The cladogram below follows the phylogenetic analysis of Lamsdell (2025).

==Paleoecology==
Fossils of Nanahughmilleria have been found from the Silurian deposits of the Llandovery epoch to the Devonian deposits of the Eifelian epoch in North America, Europe and Siberia. It is believed that Nanahughmilleria, along with Parahughmilleria, Hughmilleria and the pterygotids, lived mainly in shallow lakes. In addition, the streamlined shape of the body of Nanahughmilleria suggests that it was an active swimmer capable of swimming against currents.

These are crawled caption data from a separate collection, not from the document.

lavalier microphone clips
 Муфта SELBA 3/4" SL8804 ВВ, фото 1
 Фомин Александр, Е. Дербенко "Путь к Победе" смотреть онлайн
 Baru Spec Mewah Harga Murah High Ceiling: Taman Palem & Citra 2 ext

Nanahughmilleria can occur in an environment where eurypterids were abundant or scarce. The Silurian deposits of Ringerike, Norway, where fossils of N. norvegica have been discovered, include fossil remains of Mixopterus kiaeri, Stylonuroides dolichopteroides, Kiaeropterus ruedemanni and Erettopterus holmi, among other organisms like the malacostracan Dictyocaris slimoni or the chasmataspidid Kiaeria limuloides. In the Silurian deposits of the Shawangunk Formation, Pennsylvania, N. clarkei occur together with Parahughmilleria maria, Ruedemannipterus stylonuroides, Hardieopterus myops and Hughmilleria shawangunk. Species of the gnathostomes Vernonaspis and Arthrophycus have also been found. Nanahughmilleria fossils have also been found in Scotland.